Posted by: RayH on January 24, 2006 11:33 AM

As the others have said, you will never be asked for this type of information by your processor/bank/retailer. Unless you originated the email, the logon or the phone call, don't give out this information.

A great way to identify the scams will be via the salutation. Most scams say, "Dear Paypal Member". A real PayPal email will say, "Dear Robert Smith", etc.

Regardless, you should NEVER click the link in an email. ALWAYS log on to the site, from a new browser, and see if the request is legit. If not, report it to their security departments.

Posted by: The Other Mike S on January 24, 2006 11:40 AM

You ARE pulling our leg, aren't you???

Posted by: Omnibus Driver on January 24, 2006 12:22 PM

Sure it's real. Just type in your password, your PIN, and stop being a pussy! Why don't you trust PaPal? They're an internationally respected business!

Posted by: Rube on January 24, 2006 01:26 PM

Rob, Forward the email to . You will get a message back from the legit Paypal explaining that this is someone "phishing" for confidential information. Paypal will then start their process to shut it down. They take this stuff seriously because it pisses off their customers and therefore effects their business.

Posted by: Dishonorable Schoolboy on January 24, 2006 02:20 PM

I have a paypal account too and they do not ask you that. It is not legitimate.

My other comment was cut off so I'll try again on your reader poll.

I like Tex-Mex. Your blog came highly recommended by someone who usually doesn't have good taste so I was pleasantly surprised. :)

Posted by: Texas Lady on January 24, 2006 02:35 PM

So it's OmniBus Driver and me against the world? ROFLMAO!!!!!!!!!

Posted by: Indigo on January 24, 2006 02:54 PM

Happy to be in good company, Indigo!

Posted by: Omnibus Driver on January 24, 2006 03:15 PM


Don't even open those e-mails.

And whatever you do, do NOT click on any of the links.

And ESPECIALLY, never, ever give them your ATM PIN - or any other data they ask for. PayPal is, unfortunately, the vehicle of choice for phishing scams. If you want to check on your PayPal data, don't respond to anything you get in an e-mail - just go directly to the PayPal website.

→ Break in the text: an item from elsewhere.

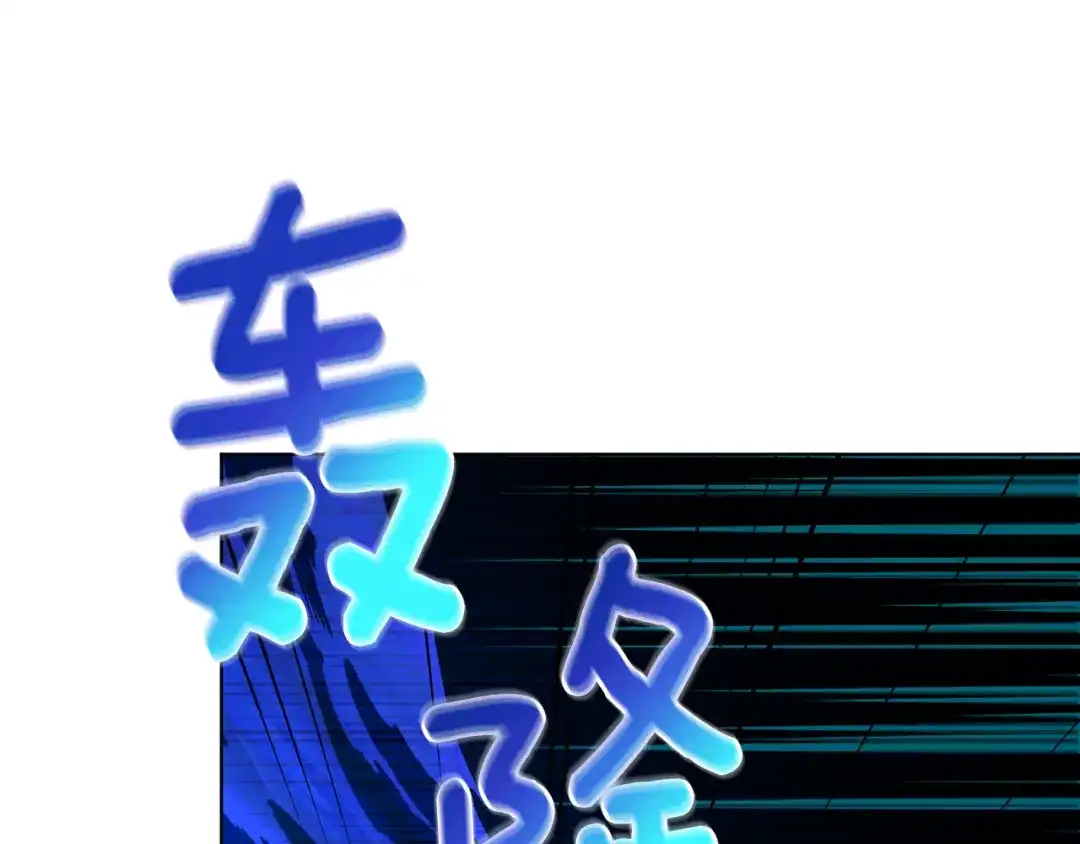 《精灵王女要跑路》第96话 剑术天才 第149页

Posted by: Elisson on January 24, 2006 03:26 PM

But you knew that already, didn'tcha? Heh.

Posted by: Elisson on January 24, 2006 03:28 PM

MAJOR SCAM! They don't ask for anything of the sort at Pay Pal, eBay...anywhere legit!

Posted by: A Different Kim on January 24, 2006 04:17 PM

Your phoney paypal site forgot to change the date to 2006 at the bottom of the page...gee whiz.

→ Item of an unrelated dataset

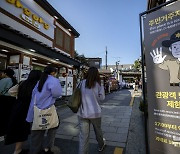 야간 '통금' 생긴 북촌 한옥마을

Posted by: Maggie on January 24, 2006 05:34 PM

Hey Rob? I wouldn't delay too long in deleting that Paypal account. If I read your blog entry right, you clicked on the link in that email and entered your name and password, right? You just stopped short of giving them your ATM PIN, correct? That means that most likely they've got your Paypal account name and password and can use it to charge things to whatever credit card(s) are plugged into it. That can be bad shite, guy, if they can find someplace to take your cardnumber that will ship to an address other than your billing address.

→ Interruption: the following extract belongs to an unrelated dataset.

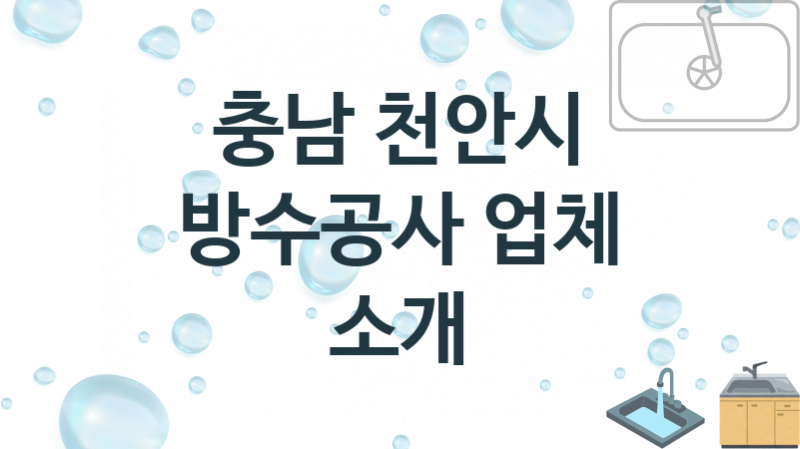 충남 천안시 방수공사 업체 추천 3 전문 시공 수리업체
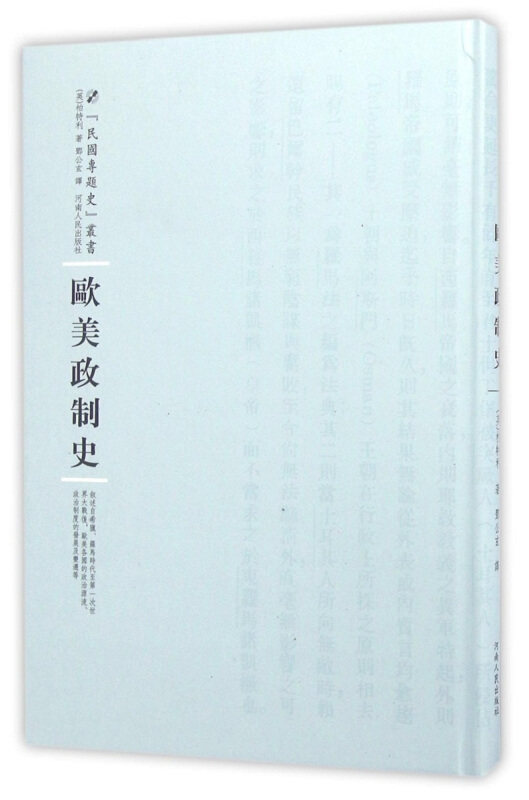 欧美政制史 系统梳理欧美政治制度演变 知名学者撰写 精美历史图表 备考学术 河南人民出版社 9787215100398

Posted by: Kawboy on January 24, 2006 06:52 PM

Rob, get the free version of "Window Washer." It lets you look at your mail on your ISP's server. When you see dubious e-mail, Window Washer can "Bounce"
the suspect e-mail back to the sender, as if your e-mail account does not exist. Also it can delete unwanted e-mail on the server without you downloading the e-mail.
I use it all the time to bounce that junk mail back to the sender or an unfortunate user whose machine is a zombie.

Posted by: Bill on January 24, 2006 09:24 PM

WTF Rob?! You're not actually falling for this stuff are you? Please tell us you're pulling our leg.

Posted by: Desert Cat on January 24, 2006 10:18 PM

Never do anything with your Paypal account that is sent to you via email. If you need to change something on Paypal, log into their site yourself. Do not go to it from a link someone sends you. Even Paypal will tell you that. Be careful Mr. Acidman.

Posted by: Chrissy on January 25, 2006 08:34 AM

good lord. how many people are going to answer the same damn question? I think he gets the idea now.